Заал Андроникашвили: Но это как раз миф не о двух Россиях, а о том, что с Россией можно договориться. Это было основой восточной политики не только Меркель, но и всей долгосрочной немецкой политики, начиная с 70-х годов. То, что существует тезис «Изменение через сближение» – т.е. нужно как-то сближаться, и налаживание отношений с Россией, постоянный диалог приведут Россию, мягко ее подтолкнут к каким-то внутренним изменениям. Но начиная с 2008 года, тем более, с 2014 года, все яснее становилось, что этот механизм изменений через сближение не работает. Но пока Германия не выработала новой внешнеполитической максимы по отношению к России.
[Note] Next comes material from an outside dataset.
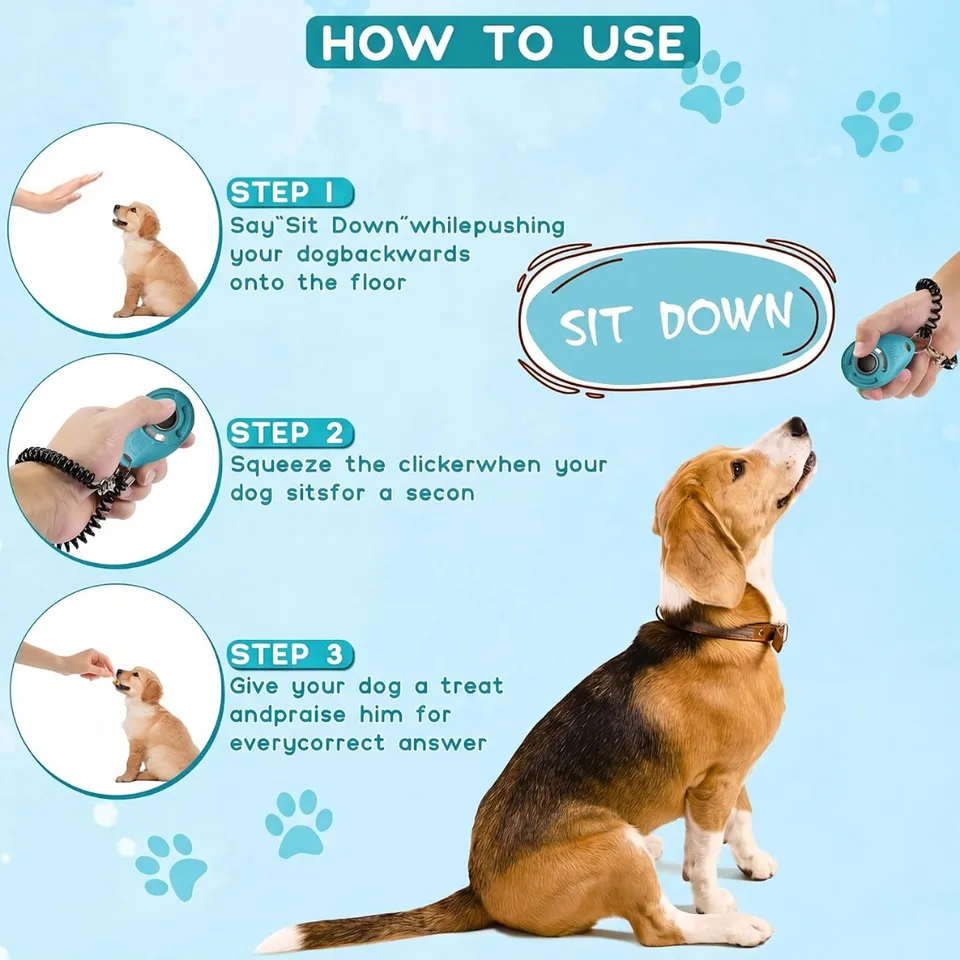 Dog Training Clicker With Sring Wrist And Keyring Pet Dog Training Clickers For Puppy, Cat view 7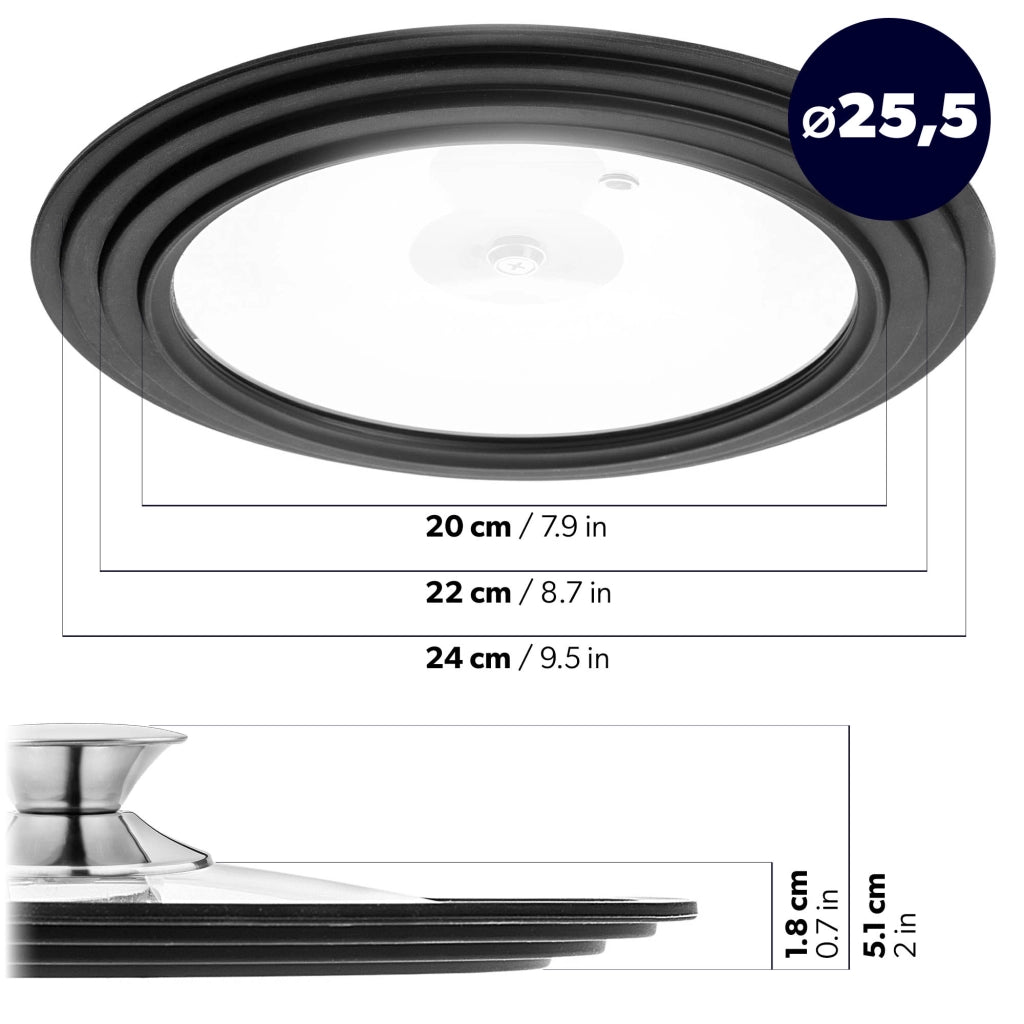 Coperchio in vetro e silicone KADAX 20/22/24 cm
Это не миф о «двух Россиях», а такой тезис, что Россия может измениться, если с ней постоянно поддерживать дружеский диалог
Проект «Северного потока», который госпожа Меркель считала чисто экономическим, хотя он в основном политический, сейчас довольно интенсивно обсуждается и критикуется уже изнутри, то есть, в том числе, в партии Меркель. То есть Германия будет как-то, наверное, менять уже в постмеркельскую эру свою внешнюю политику. Я еще раз повторю, что это не миф о «двух Россиях», а такой тезис, что Россия может измениться, если с ней постоянно поддерживать дружеский диалог.
– Гиа, вы уже тоже говорили о том, что нужно исходить из прагматических соображений. Возможен ли такой диалог Грузии с Россией на каких-то прагматических началах?
Гия Нодиа: Не соглашусь с Заалом в том, что никакого вообще диалога нет. Я сам участвовал много раз в различных форматах – с политиками и экспертами. Так что поиск каких-то компромиссных решений был, но, к сожалению, не удалось найти какие-то конкретные точки соприкосновения.
Что касается Меркель, – ну да, это естественный, нормальный подход западных политиков, не только Меркель. Да, диалог – как бы рецепт для всех проблем, нужно вести диалог, нужно говорить, и рано или поздно до чего-то договоришься. Это все хорошо, в принципе, звучит, и очень трудно с этим спорить. Действительно надо разговаривать, надо искать, но, несмотря на то, что говорили и договаривались, искали много, но пока ничего не нашли – это тоже факт. После 2008 года это действительно была политика Грузии – не иметь отношений с Россией, просто переждать. То есть неизвестно, что будет в будущем, а пока минимизировать отношения с Россией, скажем там. Это тоже политика. Мне кажется, в тот период это и была самая прагматичная политика – к сожалению. Но когда никакие форматы диалога ни к чему не приводят, лучше принять реальность, как она есть.